● Input for this task
• • • •

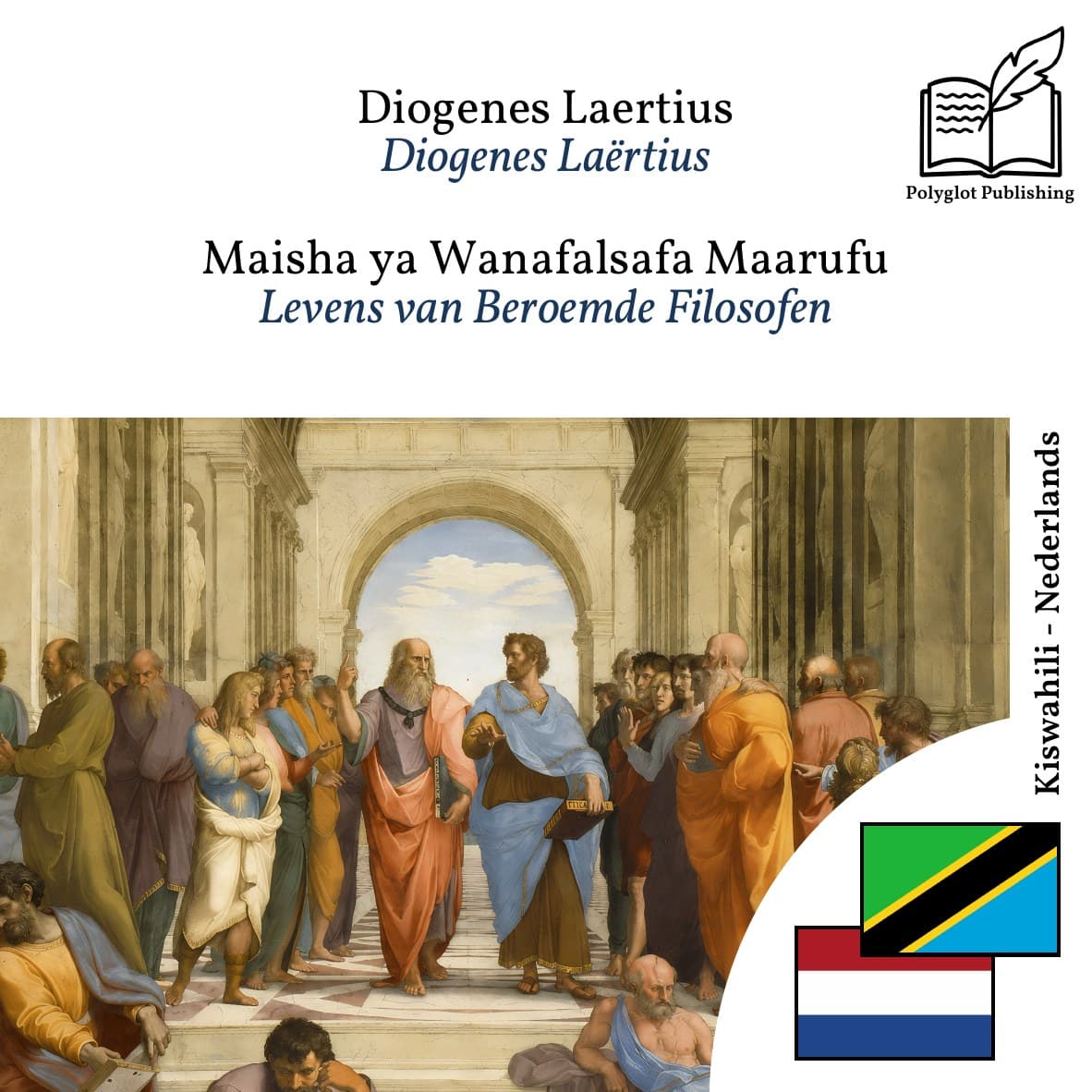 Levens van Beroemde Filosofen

• • • •

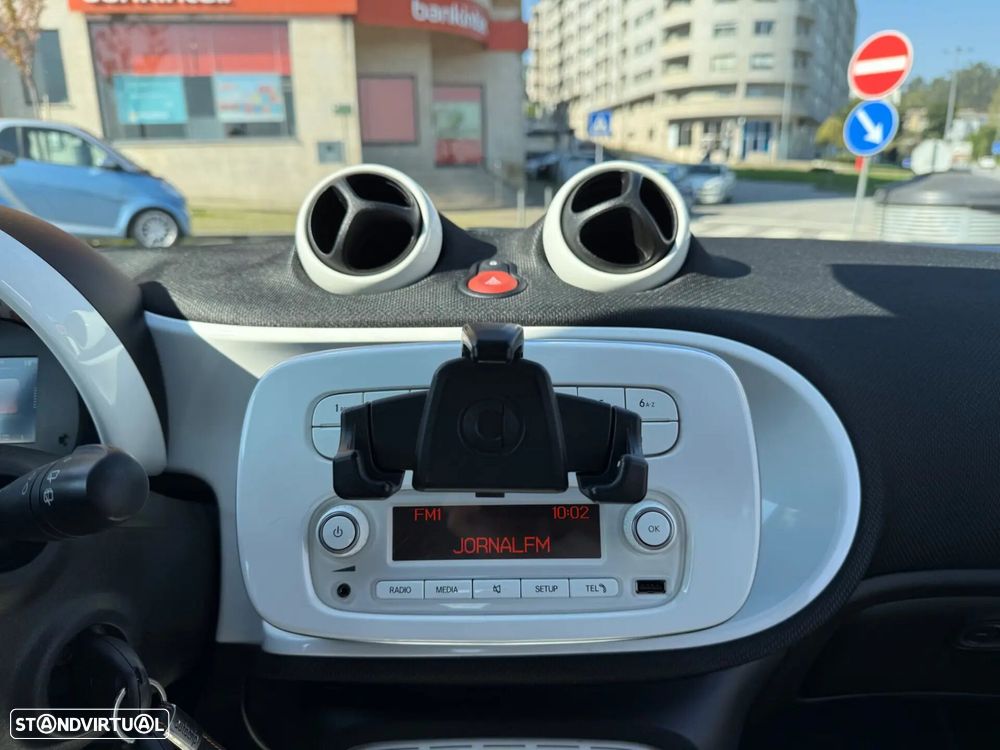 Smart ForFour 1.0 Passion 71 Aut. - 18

• • • •

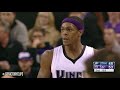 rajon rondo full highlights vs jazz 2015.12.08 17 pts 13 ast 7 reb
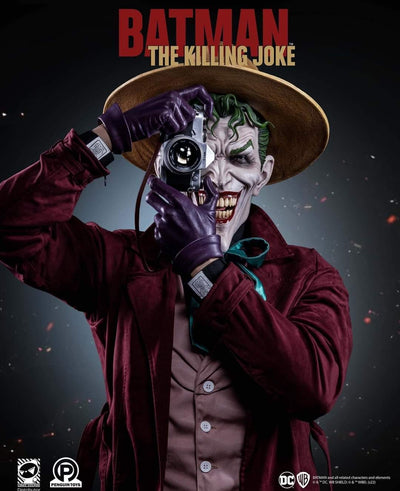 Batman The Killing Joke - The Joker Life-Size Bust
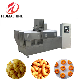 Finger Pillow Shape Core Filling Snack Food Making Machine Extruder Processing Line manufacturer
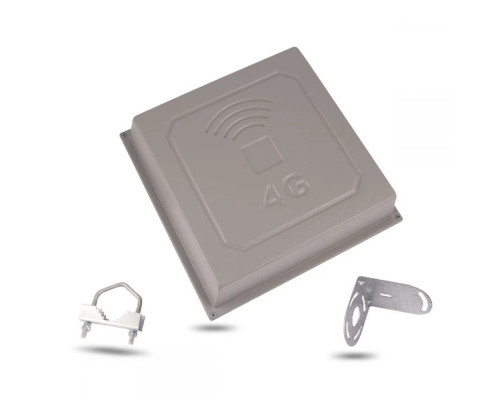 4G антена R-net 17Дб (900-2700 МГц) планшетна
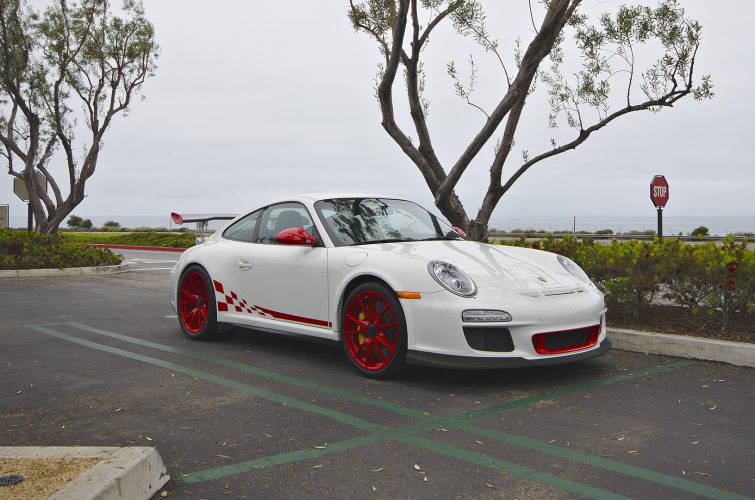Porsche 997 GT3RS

• • • •

● Work instructions
Give back exactly the lines of the listing above from the one that contains "Batman The Killing" up to and including the one that contains "Porsche 997 GT3RS", but not the pictures, and no other lines.

● Exercise answer
 Batman The Killing Joke - The Joker Life-Size Bust
 Finger Pillow Shape Core Filling Snack Food Making Machine Extruder Processing Line manufacturer
 4G антена R-net 17Дб (900-2700 МГц) планшетна
Porsche 997 GT3RS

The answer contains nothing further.